By the end of Trump’s speech, everything had been touched: His successes in the polls. ISIS and illegal immigrants in the same breath. Elizabeth “Pocahontas” Warren. The “dishonest” media and Trump’s revocation of the Washington Post’s press credentials, during which my section chanted “Kill them all / kill them all.”

He’d rambled until he couldn’t ramble anymore and seemed spent. He’d exhausted yelling “Shut up, you SILLY WOMAN!” during an odd, misplaced poem that compared immigrants to snakes. At another point, a boy interrupted with “We all bleed red” and was dragged out by security as Trump sarcastically called, “Don’t hurt him! Please don’t hurt that person!” and the crowd replied, “Hurt him! / Hurt him!” As he was led to the doors, a small pack of supporters broke off from the throng and followed as if they meant to pummel him just past the exit.

Outside, the lot was filled with more vendors and beyond them cars and trucks with Confederate Flag bumper stickers, decals, license plates, and actual Confederate Flags. In the shadow of one I watched a dad spank his child heatedly, as if the man needed somewhere to focus all his anger.

On everybody’s lips were strange non-sequiturs of hate.

“You can’t trust Latinos. Some maybe, but not most.”

“Immigrants aren’t people, honey.”

“You know them crazy black girls, how they are.”

Sickened, I got in my car and watched in the rearview as a group of college boys tailgated out of their pickup. They’d just finished their beers and were taking turns slamming them on the ground, one of them flinging it at the bumper of a passing car. Next to them another group of college boys wearing the telltale uniform of Southern preppiedom: gingham shirts tucked into thigh-length khaki shorts with braided belts and sockless loafers. Their wavy helmets of Bieberish hair tucked under those generic hats.
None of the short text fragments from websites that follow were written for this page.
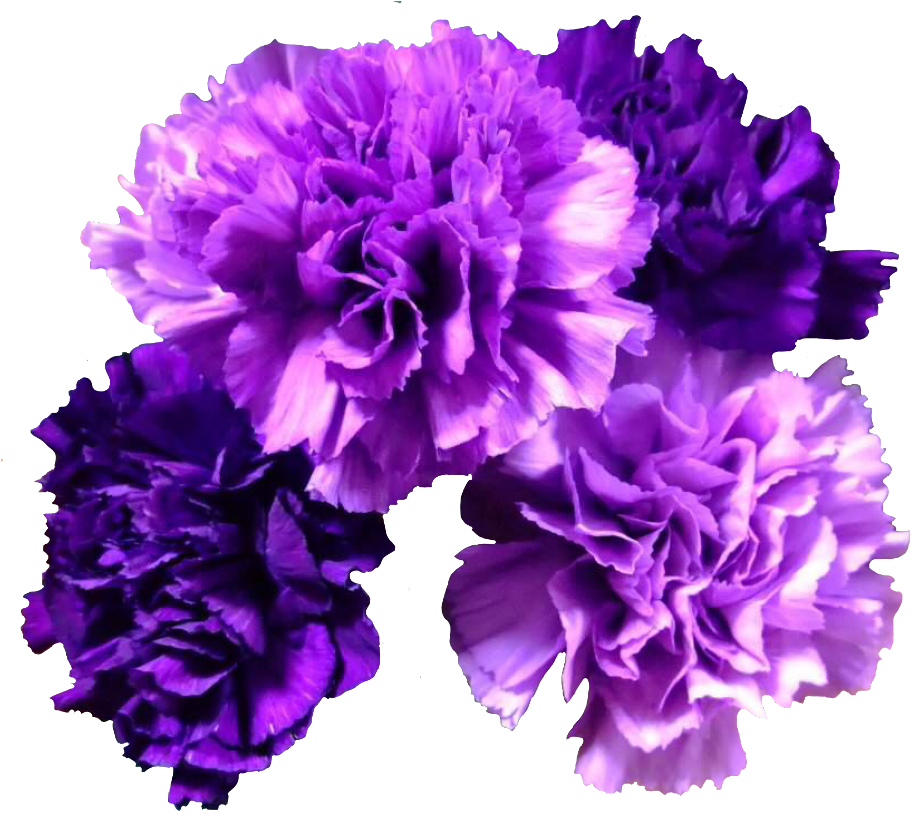 Vibrant Purple Carnations Floral Display PNG image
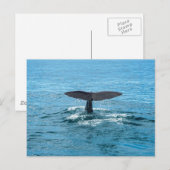ホエールフィン ポストカード (正面/裏面)
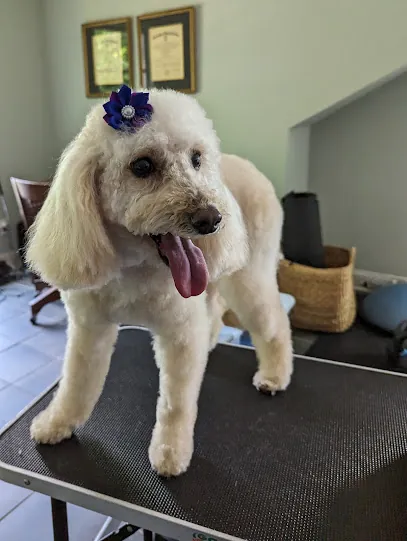 Furry Godmother Mobile Grooming and Pet Services LLC — photo from their website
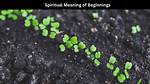 Beginnings Meaning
That’s when I realized what had been there all along. This campaign, whose success has long been attributed to the forgotten working and middle classes, the so-called Silent Majority, has been, and always will be, an unholy alliance between the Hateful and the Privileged, the former always on a never-ending search for new venues for their poison and the latter enjoying, for the first time since Reagan’s ’80s, an opportunity to get out and step on some necks in public.

I considered the odd pairing and its implications as I left the lot and turned onto Coliseum Boulevard. Trump can be defeated, and most likely he will be, but elections cannot cure this disease. It’s always been here and perhaps it always will be. Trump’s narcissistic quest to “Make America Great Again” has only drawn the insects to the surface, and there’s plenty of room to wonder whether he’s driving the movement or if it’s driving him.

There wasn’t much time to mull it over. Parallel to the traffic crawling down US-220 was a green and white sedan, the driver hanging a Mexican flag from his window. “Fuck Trump!” he yelled, succeeding in gaining the ire but failing to earn the attention of the shiny new SUV clogging the lane next to mine. At mind-numbing levels these college boys were playing “I Am a Real American,” the theme music of professional wrestling hero-turned-bigot Hulk Hogan, all while flipping off pedestrians with one hand and flashing Trump yard signs with the other.